The Great Courses

Alix Jules, SJWs, and the Phenomenon of Manufactured Outrage

May 8, 2016 at 11:02 AM

When you're a hammer, everything looks like a nail. When you're hypersensitive about anything and everything you deem to bear the (hugely subjective) Social Justice Warrior mark, everything looks like the toxic extremes of legitimate ideas and movements. This is why/how the armchair quarterbacks so quickly attempt to reduce an entire channel - and its hundreds of wildly diverse subjects, themes, topics and discussions - to a poorly applied (and subjectively defined) label.

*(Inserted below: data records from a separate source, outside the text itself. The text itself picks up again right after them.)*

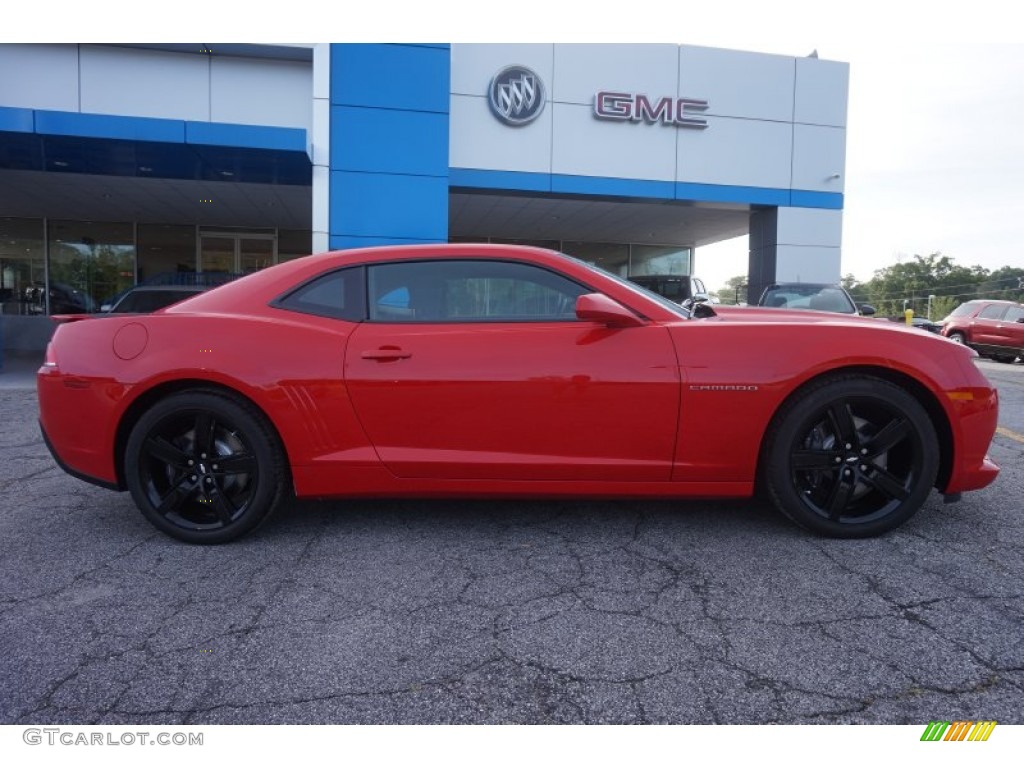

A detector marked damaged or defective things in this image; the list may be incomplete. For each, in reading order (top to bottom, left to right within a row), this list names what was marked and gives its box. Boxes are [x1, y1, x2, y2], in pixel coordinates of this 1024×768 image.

cracked asphalt [0, 358, 1019, 724] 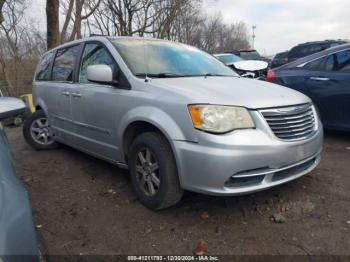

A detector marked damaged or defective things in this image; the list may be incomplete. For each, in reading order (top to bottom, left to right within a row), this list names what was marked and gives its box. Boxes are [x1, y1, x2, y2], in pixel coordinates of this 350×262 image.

damaged vehicle [24, 36, 322, 211]
damaged vehicle [213, 52, 268, 79] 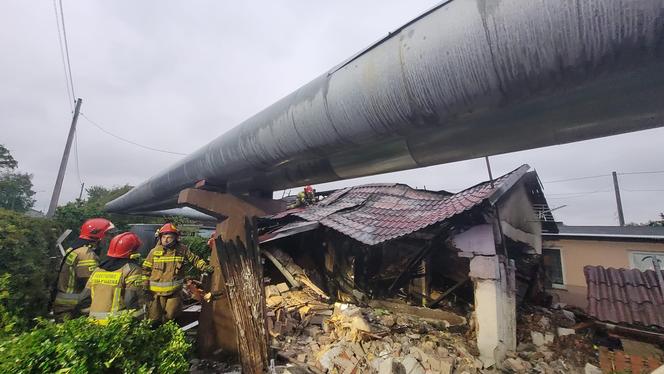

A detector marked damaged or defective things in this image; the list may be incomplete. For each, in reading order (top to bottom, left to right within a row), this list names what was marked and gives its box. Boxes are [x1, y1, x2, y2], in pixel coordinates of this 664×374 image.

damaged roof [264, 165, 548, 247]
damaged roof [584, 266, 664, 328] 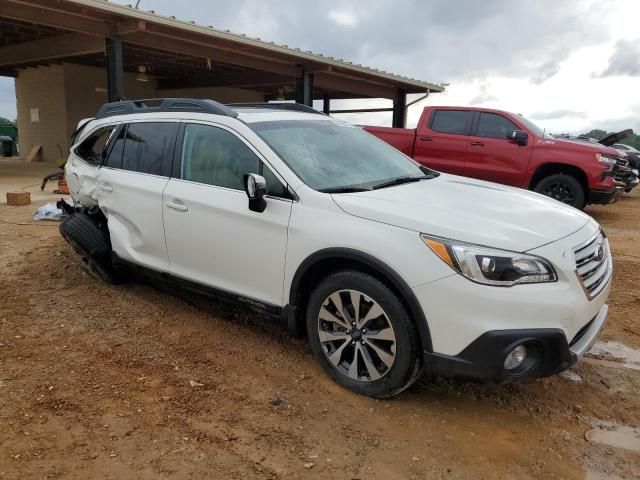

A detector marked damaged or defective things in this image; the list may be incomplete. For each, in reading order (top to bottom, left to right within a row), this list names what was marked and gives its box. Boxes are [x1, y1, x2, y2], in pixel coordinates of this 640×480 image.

damaged white station wagon [62, 98, 612, 398] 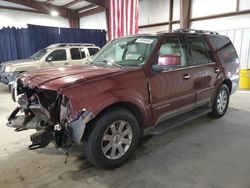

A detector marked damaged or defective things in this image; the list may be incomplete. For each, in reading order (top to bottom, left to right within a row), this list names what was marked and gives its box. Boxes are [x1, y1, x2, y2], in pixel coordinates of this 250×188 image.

A recent video interview between myself and Alix Jules briefly addresses the SJW pejorative, but it doesn't get hung up on it. I found that refreshing. We also spoke candidly, and with goodwill, about the sensitive issues of race, religion, color, privilege and equality.

alix jules

I'm about equality, I'm about people, and I'm convinced that religion piggybacks upon the shoulders of the disadvantaged and oppressed. As a humanist, I like the idea of working toward human-focused social solutions whenever possible. If someone arbitrarily decides that this aligns me with whichever radioactive activist(s) or cause(s) they despise, and if they're eager to train a poorly-focused eye on a fragment of the larger picture, declaring that the whole channel has become an SJW shill, that says more about them than it does about me, the site or its content.

My recent shows/videos addressed the psychology of belief, homeschool cults, finances and investing, child abuse, atheist youth, science-based medicine, astrophysics and more. This Tuesday, we speak to John de Lancie. In 2 weeks, we showcase an atheist rock band called Monster On Sunday. After that, it's Tracie Harris, a short story (from the Old Testament) by Ed Suominen, the guys from the God Awful Movies podcast, and my recent speech titled, "The God of Cancer," which addresses the effectiveness of healing prayers in our hours of need.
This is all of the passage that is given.